As he revved up outside the Taj Chandigarh, I got down and messaged my worried friends as the guy gave me my change. He was struggling to even put his purse back where it was. Thoda khyaal rakhiyo, paaji, I said in genuine Punjabi concern. Funny how a place can get to your tongue. He nodded his head, shook my hand and said - My name (sic) Baljit Singh....wise person. Aapko theek se le aaya - apne aap ko dekh loonga.

I only wish I had taken photographs of the dude or his auto. It was the ride of a lifetime.

Saturday, January 30, 2010

Life calling

After all the applause surrounding Mr. Hirani and the rest of the idiots has died down, I want to raise a hopefully pertinent question that has plagued me since my purse got lighter by a cool four hundred bucks. I've always wanted to ask this to the numerous supporters of the "live life on your own terms" brigade - what do you mean?

For one, life is an experiment, really. You do not go through life calculating every step of the way. What was that poem on the school notice board that told us many things that life was and what needed to be done with it? Knowing your calling and being able to execute it in a planned and rhythmic fashion is not just improbable, it is plain boring. People walk through life - sometimes things go right, sometimes they don't. That should not mean that it's a crime to make mistakes, screw up, feel the heat. Taking the wrong turn is also quite a big part of life.

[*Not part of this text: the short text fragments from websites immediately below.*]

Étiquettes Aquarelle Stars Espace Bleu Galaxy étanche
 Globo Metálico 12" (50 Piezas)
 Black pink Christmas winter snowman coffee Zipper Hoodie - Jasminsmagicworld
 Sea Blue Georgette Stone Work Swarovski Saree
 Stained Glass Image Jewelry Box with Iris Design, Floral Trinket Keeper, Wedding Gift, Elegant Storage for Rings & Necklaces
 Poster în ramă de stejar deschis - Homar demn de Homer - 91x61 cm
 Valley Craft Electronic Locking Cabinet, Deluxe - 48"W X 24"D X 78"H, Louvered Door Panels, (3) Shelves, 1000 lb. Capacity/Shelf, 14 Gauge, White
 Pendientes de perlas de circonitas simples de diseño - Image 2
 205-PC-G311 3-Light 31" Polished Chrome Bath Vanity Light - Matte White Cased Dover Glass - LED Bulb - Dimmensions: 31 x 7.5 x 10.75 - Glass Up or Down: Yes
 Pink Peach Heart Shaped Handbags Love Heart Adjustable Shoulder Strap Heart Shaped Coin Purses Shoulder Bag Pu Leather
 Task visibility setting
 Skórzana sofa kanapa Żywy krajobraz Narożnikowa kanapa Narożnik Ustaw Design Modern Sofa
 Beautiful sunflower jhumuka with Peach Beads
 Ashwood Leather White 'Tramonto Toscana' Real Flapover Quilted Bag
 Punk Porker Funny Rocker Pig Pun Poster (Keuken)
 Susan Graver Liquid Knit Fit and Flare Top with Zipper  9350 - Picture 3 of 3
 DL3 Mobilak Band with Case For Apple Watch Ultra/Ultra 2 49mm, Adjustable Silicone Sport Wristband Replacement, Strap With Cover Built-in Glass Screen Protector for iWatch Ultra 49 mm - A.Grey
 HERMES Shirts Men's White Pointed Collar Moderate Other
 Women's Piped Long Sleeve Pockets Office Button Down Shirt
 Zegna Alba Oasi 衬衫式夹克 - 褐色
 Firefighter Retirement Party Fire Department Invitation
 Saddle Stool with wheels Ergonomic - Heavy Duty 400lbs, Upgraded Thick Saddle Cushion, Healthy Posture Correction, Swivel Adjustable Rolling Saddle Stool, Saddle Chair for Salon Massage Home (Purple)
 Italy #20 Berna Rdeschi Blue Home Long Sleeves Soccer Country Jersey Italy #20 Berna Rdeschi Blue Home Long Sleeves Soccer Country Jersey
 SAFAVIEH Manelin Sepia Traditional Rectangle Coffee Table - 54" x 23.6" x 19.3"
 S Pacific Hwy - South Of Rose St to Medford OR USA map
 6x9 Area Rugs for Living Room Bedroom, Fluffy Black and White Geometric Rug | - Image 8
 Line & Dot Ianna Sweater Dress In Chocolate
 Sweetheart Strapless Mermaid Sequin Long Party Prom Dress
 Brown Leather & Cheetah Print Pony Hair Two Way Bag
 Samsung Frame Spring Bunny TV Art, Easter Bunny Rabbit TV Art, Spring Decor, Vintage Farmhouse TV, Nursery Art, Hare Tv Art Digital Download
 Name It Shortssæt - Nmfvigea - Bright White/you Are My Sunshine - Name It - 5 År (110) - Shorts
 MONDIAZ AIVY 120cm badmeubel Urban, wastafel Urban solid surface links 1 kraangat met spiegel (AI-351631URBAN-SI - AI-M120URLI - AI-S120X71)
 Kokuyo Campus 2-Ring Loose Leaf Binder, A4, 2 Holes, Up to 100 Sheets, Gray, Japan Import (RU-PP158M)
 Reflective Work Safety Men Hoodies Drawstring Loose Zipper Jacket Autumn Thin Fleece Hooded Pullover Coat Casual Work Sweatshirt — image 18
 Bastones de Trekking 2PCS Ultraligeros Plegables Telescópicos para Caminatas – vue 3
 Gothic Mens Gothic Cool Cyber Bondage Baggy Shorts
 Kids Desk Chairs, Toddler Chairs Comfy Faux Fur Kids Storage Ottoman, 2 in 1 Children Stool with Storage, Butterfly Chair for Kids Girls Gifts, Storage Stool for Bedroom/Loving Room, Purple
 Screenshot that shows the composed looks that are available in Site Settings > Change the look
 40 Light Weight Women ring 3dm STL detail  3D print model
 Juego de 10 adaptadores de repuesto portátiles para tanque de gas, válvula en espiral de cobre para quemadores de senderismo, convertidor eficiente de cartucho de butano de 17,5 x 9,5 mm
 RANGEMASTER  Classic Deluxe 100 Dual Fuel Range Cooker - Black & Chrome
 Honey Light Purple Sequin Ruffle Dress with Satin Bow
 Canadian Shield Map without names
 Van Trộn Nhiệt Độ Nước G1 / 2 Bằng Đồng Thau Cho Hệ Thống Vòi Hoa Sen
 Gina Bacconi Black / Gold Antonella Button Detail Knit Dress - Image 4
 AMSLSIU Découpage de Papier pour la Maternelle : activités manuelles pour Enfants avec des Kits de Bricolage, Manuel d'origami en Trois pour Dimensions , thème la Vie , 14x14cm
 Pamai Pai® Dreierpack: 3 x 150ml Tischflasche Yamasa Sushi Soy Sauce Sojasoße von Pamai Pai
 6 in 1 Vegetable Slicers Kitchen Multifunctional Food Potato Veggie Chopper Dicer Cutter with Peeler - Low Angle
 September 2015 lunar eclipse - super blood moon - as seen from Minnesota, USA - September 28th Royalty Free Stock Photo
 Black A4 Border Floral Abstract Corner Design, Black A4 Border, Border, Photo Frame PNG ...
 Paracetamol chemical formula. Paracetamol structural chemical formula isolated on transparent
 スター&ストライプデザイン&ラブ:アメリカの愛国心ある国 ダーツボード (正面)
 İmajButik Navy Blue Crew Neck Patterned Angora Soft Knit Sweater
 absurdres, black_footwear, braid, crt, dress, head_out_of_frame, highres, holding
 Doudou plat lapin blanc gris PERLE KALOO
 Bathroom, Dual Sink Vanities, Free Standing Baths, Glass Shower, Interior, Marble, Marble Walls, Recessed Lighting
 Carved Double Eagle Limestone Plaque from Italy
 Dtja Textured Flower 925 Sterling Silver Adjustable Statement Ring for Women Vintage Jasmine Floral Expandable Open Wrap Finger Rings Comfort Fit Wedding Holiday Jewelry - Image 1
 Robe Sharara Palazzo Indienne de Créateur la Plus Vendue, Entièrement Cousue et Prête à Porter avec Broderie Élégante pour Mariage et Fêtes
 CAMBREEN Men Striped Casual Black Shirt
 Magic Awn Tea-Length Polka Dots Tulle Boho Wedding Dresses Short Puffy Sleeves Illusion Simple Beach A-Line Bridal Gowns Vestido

When Mr. Jobs talked about the dots connecting backward, what we probably need to remember is that there need to be dots to connect. That brings me to fallacy number two - if I sat all day thinking about the philosophical question - "What should I be doing in life?" I'd remain where I was - I wouldn't change at all. Worse, I'm losing valuable time when I could have tried out things inspired by my tendencies. At least I would know if I sucked at something even though I had a fantasy for it.

Three, a man's got to be practical. Sometimes, doing what interests you is not what is in the best interest of the people surrounding you. That need not mean just one's family. Following a dream many times means taking a risk - it is defined by the thin line between a hobby and a career. I also believe this gets complicated by the fact that most people aren't interested in what they are good at and vice versa. While it's what you are good at that gets you two square meals a day.

That said, losing oneself in one's limited world of practicality is probably uncalled for. Dreams are to be pursued, passions are to be stoked. No question about that. Only you can't start pursuing your calling at the press of a button.

PS: I wrote this because I talked to a lot of people about what's important for them and why they aren't doing what they claim interests them most. Most people, including myself, gave answers that were attributable to one of the above. It sounded very confusing because when I was studying, I came across a number of people who criticized being very conventional, "taking pressure", not living life to the fullest, etc. But when it comes to the real game, apparently life takes a U-turn. Do let me know what you think.